# Hi i was wondering if ne body could help me with ibs involving D



## Guest (Nov 11, 2005)

hi im 18 and have had ibs for a few years now. But now it is starting to rule my life. where ever i go it is always on my mind i have to always know where the toilet is incase..... I have D always when i get up in the morning and i think it is coursed by thinking about it all the time. I would be grateful if ne body has ne advice for things that can be helpful to reduce symptoms. At this rate i will be taking medication for the rest of my life. I dont understand why i have such a problem with needing the toilet all the time.... Would be grateful if nebody has ne ideas.u can email reply or pm me ....Thanks


----------



## 22443 (Apr 12, 2005)

Well, what's your diet like?

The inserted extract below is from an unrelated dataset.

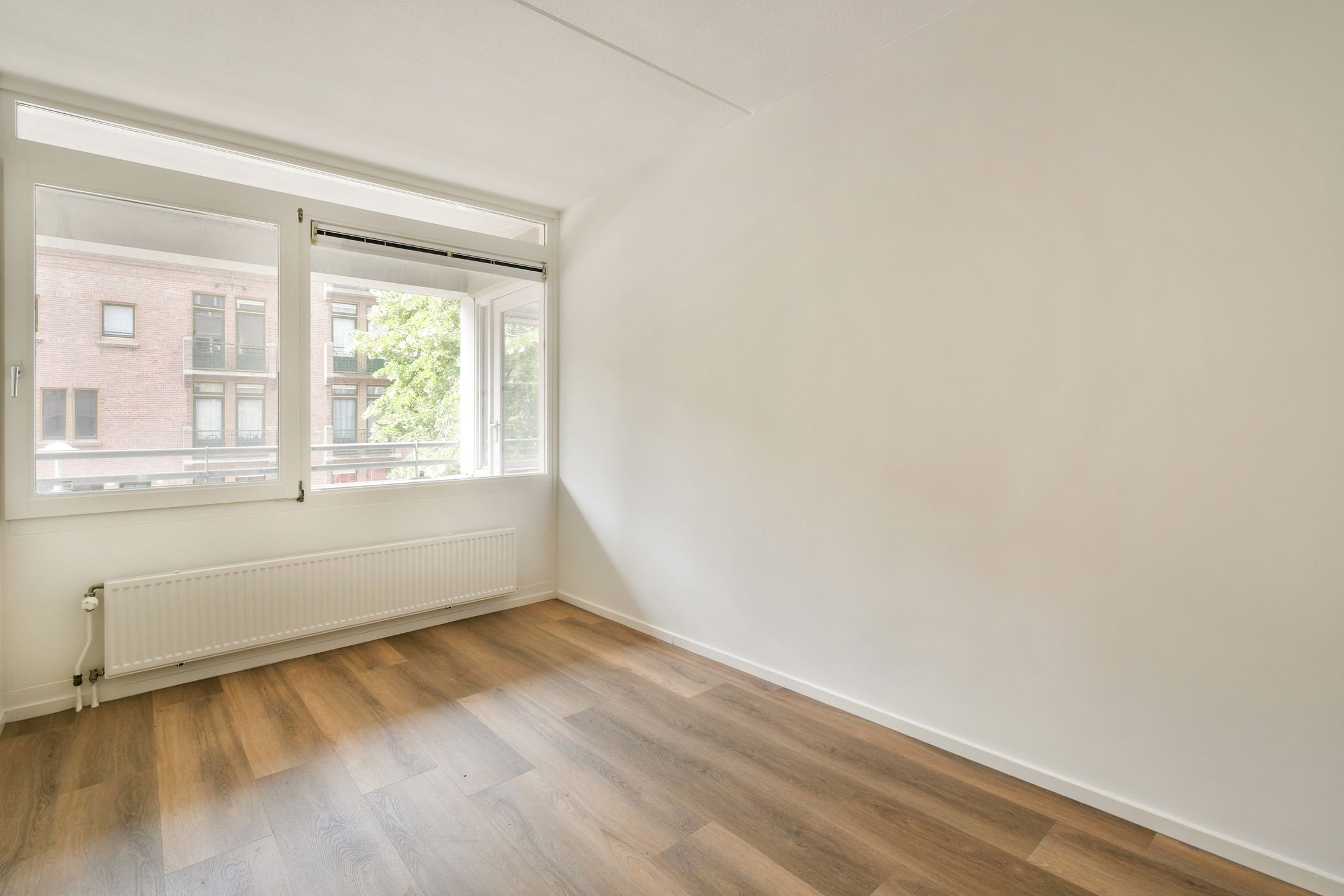 Photo 9 of Trompenburgstraat 6-G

Do you keep a food diary or anything to try and keep track of things that might make you sick?


----------



## Guest (Nov 12, 2005)

ok thanks for replying to the message that i put on here yesterady. to be honest i dont feel that it makes ne difference my diet usually no matter wat i eat my stomach is always funny







every morning i think worrying makes it worse but cant really help it. i dont understand why this just happened to me i never used to be like this .... ne more help would be grateful thanks


----------



## 17079 (May 18, 2005)

Hi Claire, I replied to your other thread in the Diarrhea forum.


----------



## 14013 (Nov 12, 2005)

trust me, diet can help, wheat and dairy especially, its awful to cut out completely i do slip up, i miss pizza so much! i have some occasionally and get away with it but sometimes i can have a few chocolates and get really bad!I have read somewhere about helping IBS in the mornings but i cant think right now, might be to do with herbal teas i think. I was and am exactly the same as youm, i feel like if i worry about it it just seems doomed to happen, i have found that (im 20) that since ive been getting older its helped because i was sooo timid and im getting better now that my confidence is growing, it sso hard but the best thing you can do is adopt the attitude "well if it happens it happens i will just have to deal with it when it does" i found uni hard because i was always thinking oh no what if im in a lecture and i get D and i have to leave and its all quiet and everyone will be staring at me when i get up, its awful i know. But once you get into a routine and a way of positive thinking then it really help, for instance i have just moved in with my boyfriend of 1 and a half years, we are living with his family for now and i was so panniced about what if i get ill at their house, and i have been now on many occasions, but once you start feeling more comfy somewhere you just have to put it to the back of your mind and not think about what other people will think so much, it happens to everyone, just some alot more than others! so all in all the best advise i can give is that its very psychological in the way that your symtoms get worse if you dwell on it, im a big believer in that because ive experianced it, are you a confident person?


----------



## Guest (Nov 13, 2005)

to be honest i know that if i dont think about it all the time then it wont be as bad. Even when i feel that i mite not be thinking about this all the time its still the same. to be honest i cant remember when i have gone to the toilet normal for ages...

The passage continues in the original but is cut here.